Neuronale Netzwerke sind vom menschlichen Gehirn inspiriert. Unser Gehirn besteht aus Milliarden von Nervenzellen (Neuronen), die miteinander verbunden sind. Jedes Neuron empfängt Signale, verarbeitet sie und gibt selbst Signale weiter.

Künstliche neuronale Netzwerke funktionieren ähnlich – nur viel einfacher. Sie bestehen aus digitalen „Neuronen”, die Zahlen empfangen, verarbeiten und weitergeben.

Schichten und Verbindungen

Ein neuronales Netzwerk ist in Schichten organisiert:

  • Eingabeschicht: Hier kommen die Daten rein – zum Beispiel die Pixel eines Bildes
  • Versteckte Schichten: Hier passiert die eigentliche Verarbeitung
  • Ausgabeschicht: Hier kommt das Ergebnis – zum Beispiel „Das ist ein Hund”

Jedes Neuron in einer Schicht ist mit vielen Neuronen der nächsten Schicht verbunden. Diese Verbindungen haben unterschiedliche „Gewichte” – manche sind stark, manche schwach.

Lernen durch Anpassung

Der entscheidende Trick: Diese Gewichte werden während des Trainings angepasst.

Das funktioniert so:

  1. Das Netzwerk sieht ein Beispiel (z.B. ein Bild)
  2. Es gibt eine Antwort (z.B. „Katze”)
  3. Es erfährt, ob die Antwort richtig war (z.B. „Nein, das war ein Hund”)
  4. Die Gewichte werden angepasst, um beim nächsten Mal besser zu sein

Nach Tausenden solcher Durchläufe hat das Netzwerk gelernt, Hunde von Katzen zu unterscheiden – ohne dass jemand ihm erklärt hat, wie ein Hund aussieht.

Warum „Deep Learning”?

„Deep” bezieht sich auf die Tiefe des Netzwerks – also die Anzahl der versteckten Schichten. Frühe Netzwerke hatten wenige Schichten. Moderne Netzwerke haben Hunderte.

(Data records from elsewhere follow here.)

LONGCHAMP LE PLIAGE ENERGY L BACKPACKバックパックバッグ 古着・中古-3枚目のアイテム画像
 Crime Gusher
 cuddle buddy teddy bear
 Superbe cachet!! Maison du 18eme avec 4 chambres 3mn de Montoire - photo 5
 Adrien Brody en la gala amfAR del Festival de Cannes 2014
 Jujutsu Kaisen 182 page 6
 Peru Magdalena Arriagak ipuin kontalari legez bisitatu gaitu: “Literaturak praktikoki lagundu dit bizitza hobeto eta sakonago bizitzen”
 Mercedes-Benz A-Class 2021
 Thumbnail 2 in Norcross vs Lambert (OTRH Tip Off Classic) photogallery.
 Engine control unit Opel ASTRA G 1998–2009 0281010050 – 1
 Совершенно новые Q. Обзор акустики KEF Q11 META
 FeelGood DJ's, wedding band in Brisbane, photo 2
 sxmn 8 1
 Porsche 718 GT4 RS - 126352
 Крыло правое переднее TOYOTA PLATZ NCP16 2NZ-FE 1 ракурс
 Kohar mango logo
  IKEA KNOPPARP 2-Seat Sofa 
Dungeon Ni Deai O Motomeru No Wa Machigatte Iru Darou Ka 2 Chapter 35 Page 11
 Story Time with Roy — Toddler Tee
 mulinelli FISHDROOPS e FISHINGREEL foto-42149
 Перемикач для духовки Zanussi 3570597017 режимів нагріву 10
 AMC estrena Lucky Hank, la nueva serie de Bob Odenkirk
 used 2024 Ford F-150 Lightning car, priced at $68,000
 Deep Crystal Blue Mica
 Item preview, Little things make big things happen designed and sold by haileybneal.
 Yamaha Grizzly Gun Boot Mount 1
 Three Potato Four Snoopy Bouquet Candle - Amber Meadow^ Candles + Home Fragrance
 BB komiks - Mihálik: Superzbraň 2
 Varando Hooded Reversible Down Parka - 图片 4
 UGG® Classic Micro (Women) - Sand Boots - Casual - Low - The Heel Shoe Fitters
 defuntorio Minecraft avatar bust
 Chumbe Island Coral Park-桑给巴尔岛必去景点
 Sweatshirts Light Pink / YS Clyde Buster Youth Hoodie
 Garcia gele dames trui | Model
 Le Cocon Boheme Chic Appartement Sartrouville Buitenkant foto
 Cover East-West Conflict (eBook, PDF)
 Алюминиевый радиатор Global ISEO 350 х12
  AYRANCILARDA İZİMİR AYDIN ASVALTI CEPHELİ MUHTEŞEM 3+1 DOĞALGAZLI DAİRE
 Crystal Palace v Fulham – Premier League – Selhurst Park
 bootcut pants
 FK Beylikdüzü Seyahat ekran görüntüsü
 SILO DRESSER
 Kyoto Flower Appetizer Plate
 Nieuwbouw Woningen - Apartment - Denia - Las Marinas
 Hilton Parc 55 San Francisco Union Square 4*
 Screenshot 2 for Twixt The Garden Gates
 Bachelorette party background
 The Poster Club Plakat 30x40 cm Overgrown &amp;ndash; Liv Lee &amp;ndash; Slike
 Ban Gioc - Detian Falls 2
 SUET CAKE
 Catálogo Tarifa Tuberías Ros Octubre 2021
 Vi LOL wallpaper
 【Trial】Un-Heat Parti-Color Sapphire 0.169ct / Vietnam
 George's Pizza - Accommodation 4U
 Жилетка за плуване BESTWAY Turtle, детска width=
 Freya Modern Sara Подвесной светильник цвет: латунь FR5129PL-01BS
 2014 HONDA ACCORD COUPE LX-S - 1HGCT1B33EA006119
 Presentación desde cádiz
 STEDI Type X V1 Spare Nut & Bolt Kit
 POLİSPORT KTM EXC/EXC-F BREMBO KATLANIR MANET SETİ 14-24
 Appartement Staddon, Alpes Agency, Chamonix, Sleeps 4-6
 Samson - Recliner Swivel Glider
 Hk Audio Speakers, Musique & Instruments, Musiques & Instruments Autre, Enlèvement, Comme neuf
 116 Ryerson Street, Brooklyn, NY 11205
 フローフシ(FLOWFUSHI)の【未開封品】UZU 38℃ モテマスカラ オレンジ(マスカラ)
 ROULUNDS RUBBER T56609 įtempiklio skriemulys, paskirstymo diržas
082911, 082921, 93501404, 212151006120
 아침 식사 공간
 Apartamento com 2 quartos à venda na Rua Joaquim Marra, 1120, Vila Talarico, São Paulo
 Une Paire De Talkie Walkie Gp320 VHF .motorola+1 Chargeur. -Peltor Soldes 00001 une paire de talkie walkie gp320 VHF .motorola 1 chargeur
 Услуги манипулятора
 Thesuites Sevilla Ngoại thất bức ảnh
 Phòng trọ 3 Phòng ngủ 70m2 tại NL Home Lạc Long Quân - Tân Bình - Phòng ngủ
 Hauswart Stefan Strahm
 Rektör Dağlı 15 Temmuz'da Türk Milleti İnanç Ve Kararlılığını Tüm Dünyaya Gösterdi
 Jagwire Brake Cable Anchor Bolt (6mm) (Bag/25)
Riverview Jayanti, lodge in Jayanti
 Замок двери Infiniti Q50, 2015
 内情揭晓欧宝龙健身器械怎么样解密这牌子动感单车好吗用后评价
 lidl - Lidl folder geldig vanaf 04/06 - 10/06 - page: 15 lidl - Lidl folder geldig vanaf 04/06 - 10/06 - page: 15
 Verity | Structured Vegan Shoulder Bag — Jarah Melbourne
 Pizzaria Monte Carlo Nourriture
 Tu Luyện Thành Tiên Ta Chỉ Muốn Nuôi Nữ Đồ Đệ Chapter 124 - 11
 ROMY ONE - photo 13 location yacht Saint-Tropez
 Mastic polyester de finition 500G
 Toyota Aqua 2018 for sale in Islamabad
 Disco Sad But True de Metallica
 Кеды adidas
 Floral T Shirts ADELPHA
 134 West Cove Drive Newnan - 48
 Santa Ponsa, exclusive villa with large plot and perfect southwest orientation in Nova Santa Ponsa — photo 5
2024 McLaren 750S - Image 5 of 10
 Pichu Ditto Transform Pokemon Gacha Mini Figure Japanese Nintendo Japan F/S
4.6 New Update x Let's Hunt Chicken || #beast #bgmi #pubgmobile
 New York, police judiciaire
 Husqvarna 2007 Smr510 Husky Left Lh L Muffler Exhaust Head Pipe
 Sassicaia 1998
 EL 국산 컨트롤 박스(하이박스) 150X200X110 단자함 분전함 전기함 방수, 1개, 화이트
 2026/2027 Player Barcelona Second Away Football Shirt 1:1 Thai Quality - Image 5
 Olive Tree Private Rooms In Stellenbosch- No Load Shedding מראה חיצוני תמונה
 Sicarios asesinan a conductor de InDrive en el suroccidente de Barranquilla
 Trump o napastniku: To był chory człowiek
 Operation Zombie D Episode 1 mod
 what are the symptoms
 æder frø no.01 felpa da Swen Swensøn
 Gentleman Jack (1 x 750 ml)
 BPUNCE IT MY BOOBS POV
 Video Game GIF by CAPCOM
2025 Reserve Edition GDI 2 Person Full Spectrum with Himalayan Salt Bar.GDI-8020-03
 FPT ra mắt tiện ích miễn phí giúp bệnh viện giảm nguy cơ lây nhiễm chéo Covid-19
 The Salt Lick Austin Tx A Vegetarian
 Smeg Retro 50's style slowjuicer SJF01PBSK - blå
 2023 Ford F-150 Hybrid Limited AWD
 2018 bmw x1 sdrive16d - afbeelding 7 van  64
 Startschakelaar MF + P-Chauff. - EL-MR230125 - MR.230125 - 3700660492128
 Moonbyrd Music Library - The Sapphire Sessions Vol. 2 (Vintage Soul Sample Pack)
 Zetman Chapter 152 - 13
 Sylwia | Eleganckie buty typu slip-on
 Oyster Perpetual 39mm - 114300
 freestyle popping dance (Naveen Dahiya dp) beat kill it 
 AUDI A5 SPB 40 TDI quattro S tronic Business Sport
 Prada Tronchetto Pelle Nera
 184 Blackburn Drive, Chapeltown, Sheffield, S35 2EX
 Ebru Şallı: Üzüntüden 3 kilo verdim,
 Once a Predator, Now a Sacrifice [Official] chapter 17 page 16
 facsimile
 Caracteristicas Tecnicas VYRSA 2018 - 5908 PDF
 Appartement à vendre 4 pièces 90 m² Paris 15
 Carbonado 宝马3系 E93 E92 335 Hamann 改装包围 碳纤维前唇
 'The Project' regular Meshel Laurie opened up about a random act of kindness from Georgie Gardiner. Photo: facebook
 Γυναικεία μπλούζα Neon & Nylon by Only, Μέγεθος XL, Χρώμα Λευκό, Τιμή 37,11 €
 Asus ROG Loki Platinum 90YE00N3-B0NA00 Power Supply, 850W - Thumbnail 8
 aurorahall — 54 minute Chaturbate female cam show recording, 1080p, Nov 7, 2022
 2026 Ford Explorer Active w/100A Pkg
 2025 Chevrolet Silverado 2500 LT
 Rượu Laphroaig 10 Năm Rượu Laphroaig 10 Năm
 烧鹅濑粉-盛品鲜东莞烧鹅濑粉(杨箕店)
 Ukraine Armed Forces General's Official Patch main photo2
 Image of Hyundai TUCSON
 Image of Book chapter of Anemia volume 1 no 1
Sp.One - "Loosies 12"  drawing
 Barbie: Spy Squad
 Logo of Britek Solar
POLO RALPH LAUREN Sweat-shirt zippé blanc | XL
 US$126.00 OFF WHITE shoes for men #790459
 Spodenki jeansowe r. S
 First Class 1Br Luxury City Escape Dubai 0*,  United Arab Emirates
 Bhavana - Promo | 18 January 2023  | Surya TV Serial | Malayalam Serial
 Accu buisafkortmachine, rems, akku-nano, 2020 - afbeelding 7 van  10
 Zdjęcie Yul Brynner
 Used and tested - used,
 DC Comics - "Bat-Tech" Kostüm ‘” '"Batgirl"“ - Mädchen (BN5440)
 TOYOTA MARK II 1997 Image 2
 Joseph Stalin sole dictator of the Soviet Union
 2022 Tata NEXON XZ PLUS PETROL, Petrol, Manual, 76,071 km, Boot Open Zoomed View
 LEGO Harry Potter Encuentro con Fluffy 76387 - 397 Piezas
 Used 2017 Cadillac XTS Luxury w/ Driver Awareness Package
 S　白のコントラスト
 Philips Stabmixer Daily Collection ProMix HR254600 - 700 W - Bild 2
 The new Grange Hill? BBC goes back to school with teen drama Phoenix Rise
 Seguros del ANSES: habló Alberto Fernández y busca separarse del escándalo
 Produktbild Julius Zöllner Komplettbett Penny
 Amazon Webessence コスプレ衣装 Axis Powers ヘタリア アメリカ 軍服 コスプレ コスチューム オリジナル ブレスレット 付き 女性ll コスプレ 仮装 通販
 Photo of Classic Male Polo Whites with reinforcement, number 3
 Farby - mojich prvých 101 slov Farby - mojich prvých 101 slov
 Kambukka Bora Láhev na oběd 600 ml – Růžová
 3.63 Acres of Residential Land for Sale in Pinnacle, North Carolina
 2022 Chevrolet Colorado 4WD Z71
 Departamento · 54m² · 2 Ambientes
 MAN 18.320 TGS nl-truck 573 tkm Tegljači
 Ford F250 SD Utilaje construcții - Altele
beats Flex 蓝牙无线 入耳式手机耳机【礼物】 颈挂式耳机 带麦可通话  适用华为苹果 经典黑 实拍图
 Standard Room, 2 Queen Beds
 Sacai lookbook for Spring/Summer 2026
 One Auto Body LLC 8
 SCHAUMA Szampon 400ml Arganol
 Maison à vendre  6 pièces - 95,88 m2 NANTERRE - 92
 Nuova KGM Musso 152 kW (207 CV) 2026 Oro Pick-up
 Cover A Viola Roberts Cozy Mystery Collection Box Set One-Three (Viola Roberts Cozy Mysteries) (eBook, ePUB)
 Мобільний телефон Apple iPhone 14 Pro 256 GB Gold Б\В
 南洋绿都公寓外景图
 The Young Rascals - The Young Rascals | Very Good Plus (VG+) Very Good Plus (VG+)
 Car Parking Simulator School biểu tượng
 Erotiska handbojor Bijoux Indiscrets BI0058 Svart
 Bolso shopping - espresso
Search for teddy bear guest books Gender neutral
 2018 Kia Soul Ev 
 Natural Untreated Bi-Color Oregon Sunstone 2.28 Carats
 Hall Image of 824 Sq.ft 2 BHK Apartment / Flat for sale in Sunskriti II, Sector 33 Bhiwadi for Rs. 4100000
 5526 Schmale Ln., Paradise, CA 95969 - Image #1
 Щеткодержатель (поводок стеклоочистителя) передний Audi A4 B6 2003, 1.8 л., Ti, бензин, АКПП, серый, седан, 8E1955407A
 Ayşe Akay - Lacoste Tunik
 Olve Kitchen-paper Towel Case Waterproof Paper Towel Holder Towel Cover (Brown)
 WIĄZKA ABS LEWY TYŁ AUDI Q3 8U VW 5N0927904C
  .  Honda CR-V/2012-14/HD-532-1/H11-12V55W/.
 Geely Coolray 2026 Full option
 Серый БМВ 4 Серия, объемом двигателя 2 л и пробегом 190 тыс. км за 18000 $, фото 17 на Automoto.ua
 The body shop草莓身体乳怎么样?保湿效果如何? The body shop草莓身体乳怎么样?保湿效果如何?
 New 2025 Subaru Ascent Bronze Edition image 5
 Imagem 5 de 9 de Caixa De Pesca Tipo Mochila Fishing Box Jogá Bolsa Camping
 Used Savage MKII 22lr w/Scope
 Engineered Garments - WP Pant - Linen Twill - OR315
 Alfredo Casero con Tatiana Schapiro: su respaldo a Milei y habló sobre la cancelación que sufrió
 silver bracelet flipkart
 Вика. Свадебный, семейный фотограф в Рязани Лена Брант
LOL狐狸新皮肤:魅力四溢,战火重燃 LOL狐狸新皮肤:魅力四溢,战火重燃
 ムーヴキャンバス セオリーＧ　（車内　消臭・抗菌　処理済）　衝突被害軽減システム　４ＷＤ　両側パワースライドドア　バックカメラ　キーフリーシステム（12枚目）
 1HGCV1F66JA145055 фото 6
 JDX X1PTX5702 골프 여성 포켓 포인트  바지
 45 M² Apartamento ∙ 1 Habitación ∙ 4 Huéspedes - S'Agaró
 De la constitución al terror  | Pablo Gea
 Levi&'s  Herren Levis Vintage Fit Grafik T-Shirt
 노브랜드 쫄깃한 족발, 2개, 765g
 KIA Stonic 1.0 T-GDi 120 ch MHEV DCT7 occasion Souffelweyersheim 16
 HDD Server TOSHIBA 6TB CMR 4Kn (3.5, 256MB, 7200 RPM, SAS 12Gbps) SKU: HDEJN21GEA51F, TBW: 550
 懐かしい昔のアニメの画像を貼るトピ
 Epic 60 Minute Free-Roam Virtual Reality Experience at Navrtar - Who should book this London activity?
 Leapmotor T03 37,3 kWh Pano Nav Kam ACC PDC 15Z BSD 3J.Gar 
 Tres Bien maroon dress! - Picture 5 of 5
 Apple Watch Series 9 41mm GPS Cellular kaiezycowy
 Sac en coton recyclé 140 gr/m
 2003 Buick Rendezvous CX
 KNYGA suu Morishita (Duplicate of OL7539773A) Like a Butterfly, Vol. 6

Mehr Schichten ermöglichen komplexere Muster:

  • Erste Schichten erkennen einfache Muster (Kanten, Linien)
  • Mittlere Schichten erkennen Kombinationen (Formen, Texturen)
  • Späte Schichten erkennen komplexe Konzepte (Gesichter, Objekte)

Ein praktisches Beispiel

Stellen Sie sich ein Netzwerk vor, das Handschrift erkennen soll:

  • Eingabe: Ein Bild einer handgeschriebenen Ziffer (z.B. eine „7”)
  • Erste Schichten: Erkennen Striche und Kurven
  • Mittlere Schichten: Kombinieren diese zu typischen Formen
  • Ausgabe: „Diese Ziffer ist eine 7” (mit 97% Wahrscheinlichkeit)

Grenzen neuronaler Netzwerke

Trotz beeindruckender Fähigkeiten haben neuronale Netzwerke Schwächen:

  • Sie brauchen viele Beispiele zum Lernen
  • Sie verstehen nicht wirklich – sie erkennen nur Muster
  • Sie können falsche Muster lernen, wenn die Trainingsdaten verzerrt sind
  • Was sie gelernt haben, ist oft schwer nachvollziehbar

Fazit

Neuronale Netzwerke sind keine magische Intelligenz. Sie sind mathematische Strukturen, die aus Beispielen lernen. Inspiriert vom Gehirn, aber viel simpler. Ihr Erfolg basiert darauf, dass sie mit genug Daten und Rechenpower erstaunlich komplexe Muster erkennen können – ohne dass ihnen jemand erklärt, wonach sie suchen sollen.